Tests cover the table extensively.

Gap (the smoking gun — two-part).

1. Code.Quickened is never set true at runtime:

   $ rg "Quickened\s*=\s*true" --type go        # zero hits in runtime
   $ rg "Quickened" --type go | rg -v _test     # all reads, no writes
     objects/code.go:76        Quickened bool       (declaration)
     vm/adaptive.go:41,54,73   if !e.f.Code.Quickened { return }
     monitor/install.go:126,177 same gate

2. The compiler emits no inline CACHE cells. Confirmed experimentally on 2026-05-16: setting Quickened = true from liftCode / liftNestedCode / unmarshalCode corrupts every non-trivial program (the IP walks off the end at len=8 for 1 == 1) because specialize.Quicken writes seed counters into what it expects to be CACHE codeunits but are actually real opcodes. CPython's Python/compile.c:write_instr emits a CACHE pseudo-op block sized by _PyOpcode_Caches[op] after every adaptive instruction; the assembler serializes them as zero codeunits; _PyCode_Quicken is what fills them in.

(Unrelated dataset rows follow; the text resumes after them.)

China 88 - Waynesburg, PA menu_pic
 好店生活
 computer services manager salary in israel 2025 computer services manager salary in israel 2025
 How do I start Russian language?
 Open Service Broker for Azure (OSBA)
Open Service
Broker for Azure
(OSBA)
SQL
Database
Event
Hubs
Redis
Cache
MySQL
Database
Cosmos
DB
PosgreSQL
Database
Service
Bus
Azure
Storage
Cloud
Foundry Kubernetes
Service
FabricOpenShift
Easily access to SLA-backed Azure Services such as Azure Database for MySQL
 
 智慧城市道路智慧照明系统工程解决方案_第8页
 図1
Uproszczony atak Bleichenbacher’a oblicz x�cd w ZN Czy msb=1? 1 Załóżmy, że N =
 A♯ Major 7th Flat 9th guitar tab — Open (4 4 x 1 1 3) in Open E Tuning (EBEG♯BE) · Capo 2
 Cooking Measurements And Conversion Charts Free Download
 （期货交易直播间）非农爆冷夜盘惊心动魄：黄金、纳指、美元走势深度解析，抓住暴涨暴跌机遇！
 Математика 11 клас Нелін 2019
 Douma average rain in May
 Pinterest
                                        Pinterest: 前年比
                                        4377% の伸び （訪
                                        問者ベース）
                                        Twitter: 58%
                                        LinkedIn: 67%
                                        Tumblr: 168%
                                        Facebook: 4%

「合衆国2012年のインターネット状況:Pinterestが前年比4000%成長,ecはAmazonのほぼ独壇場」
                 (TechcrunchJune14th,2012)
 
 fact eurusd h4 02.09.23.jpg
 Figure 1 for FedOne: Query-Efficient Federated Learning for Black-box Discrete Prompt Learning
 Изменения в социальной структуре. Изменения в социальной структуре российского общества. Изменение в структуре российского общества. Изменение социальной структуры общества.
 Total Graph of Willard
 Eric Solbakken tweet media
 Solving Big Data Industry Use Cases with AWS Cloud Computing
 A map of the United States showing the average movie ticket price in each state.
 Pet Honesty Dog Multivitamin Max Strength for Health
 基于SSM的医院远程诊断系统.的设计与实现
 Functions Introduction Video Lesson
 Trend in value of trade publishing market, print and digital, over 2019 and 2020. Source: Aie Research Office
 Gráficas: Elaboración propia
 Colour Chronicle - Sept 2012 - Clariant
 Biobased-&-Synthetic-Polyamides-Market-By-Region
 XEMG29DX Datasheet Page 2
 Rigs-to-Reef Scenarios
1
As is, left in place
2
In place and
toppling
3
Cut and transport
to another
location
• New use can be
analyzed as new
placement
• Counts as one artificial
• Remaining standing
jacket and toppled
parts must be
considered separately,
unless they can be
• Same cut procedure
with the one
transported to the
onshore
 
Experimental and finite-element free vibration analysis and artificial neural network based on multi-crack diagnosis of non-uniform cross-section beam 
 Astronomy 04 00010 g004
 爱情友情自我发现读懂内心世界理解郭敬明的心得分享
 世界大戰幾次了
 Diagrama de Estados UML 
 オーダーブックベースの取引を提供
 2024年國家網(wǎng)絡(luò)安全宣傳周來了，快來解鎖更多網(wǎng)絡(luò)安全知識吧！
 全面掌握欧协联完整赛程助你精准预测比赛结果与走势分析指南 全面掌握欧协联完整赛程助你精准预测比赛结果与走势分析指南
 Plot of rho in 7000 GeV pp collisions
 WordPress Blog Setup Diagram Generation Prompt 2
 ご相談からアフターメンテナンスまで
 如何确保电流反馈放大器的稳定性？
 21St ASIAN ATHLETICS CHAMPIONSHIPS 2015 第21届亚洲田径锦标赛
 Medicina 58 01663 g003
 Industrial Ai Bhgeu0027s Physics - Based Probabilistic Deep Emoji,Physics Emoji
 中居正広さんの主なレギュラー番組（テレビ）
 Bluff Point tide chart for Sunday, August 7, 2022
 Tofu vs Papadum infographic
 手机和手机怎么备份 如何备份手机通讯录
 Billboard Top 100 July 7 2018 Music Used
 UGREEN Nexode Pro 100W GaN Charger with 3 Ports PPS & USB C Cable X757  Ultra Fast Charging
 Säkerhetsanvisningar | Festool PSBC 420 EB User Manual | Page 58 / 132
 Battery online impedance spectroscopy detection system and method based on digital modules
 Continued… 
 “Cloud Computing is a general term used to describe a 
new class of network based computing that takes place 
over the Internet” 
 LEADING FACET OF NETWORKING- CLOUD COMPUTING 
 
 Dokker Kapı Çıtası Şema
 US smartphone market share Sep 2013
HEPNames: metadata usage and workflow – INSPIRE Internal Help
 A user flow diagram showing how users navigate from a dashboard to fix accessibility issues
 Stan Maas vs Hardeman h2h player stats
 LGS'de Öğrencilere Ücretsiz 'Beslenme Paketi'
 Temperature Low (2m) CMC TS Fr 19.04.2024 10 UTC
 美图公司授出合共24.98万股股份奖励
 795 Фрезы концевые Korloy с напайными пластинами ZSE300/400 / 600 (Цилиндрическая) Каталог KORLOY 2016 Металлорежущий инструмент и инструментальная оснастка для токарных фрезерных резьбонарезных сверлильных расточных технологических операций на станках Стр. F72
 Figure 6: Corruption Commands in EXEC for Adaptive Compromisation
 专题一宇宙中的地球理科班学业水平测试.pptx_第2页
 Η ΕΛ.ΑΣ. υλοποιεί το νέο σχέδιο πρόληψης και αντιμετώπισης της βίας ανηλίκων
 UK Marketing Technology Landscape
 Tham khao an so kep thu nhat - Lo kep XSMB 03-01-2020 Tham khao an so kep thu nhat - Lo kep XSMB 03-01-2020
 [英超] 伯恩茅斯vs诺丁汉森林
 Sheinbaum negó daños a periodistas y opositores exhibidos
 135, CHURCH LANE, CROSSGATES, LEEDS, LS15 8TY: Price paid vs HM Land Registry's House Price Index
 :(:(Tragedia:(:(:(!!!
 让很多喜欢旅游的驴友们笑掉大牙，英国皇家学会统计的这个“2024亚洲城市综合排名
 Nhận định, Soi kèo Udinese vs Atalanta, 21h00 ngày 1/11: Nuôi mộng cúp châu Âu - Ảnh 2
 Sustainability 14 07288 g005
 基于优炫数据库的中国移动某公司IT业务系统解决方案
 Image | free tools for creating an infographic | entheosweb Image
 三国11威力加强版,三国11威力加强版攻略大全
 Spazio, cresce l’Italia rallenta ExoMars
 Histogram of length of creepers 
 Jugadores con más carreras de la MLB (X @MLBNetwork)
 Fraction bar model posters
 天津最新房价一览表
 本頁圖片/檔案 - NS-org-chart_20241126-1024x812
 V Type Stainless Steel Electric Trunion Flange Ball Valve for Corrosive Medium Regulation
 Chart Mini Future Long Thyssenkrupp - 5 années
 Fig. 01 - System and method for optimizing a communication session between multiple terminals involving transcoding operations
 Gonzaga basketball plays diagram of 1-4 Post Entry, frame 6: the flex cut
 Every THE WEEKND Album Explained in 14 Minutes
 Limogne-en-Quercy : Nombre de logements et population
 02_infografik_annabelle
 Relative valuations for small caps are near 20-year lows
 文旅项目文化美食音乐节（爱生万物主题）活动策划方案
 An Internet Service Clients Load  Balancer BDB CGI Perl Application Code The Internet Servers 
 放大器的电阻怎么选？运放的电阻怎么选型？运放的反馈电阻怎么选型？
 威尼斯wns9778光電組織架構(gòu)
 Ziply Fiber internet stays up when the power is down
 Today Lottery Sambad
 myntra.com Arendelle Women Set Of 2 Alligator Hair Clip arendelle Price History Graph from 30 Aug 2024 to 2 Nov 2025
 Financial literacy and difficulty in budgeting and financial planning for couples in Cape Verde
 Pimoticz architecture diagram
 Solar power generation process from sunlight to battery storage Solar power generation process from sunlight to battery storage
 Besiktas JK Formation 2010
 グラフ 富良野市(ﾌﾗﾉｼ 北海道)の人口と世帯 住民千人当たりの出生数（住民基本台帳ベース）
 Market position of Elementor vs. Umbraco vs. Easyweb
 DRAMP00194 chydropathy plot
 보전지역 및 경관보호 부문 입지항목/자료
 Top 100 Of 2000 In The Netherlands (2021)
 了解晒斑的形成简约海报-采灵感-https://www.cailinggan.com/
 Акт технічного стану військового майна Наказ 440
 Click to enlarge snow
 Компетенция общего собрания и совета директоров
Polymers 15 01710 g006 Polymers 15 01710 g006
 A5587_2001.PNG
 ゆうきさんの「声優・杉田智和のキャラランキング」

Until both gaps are closed, every adaptive opcode's "attempt to specialize" path is short-circuited. call_method (2407x cpython) is the most visible victim — every method call rebuilds the bound method, walks the MRO, allocates a tuple of args, even though LOAD_ATTR_METHOD_WITH_VALUES and CALL_PY_EXACT_ARGS are both written and tested.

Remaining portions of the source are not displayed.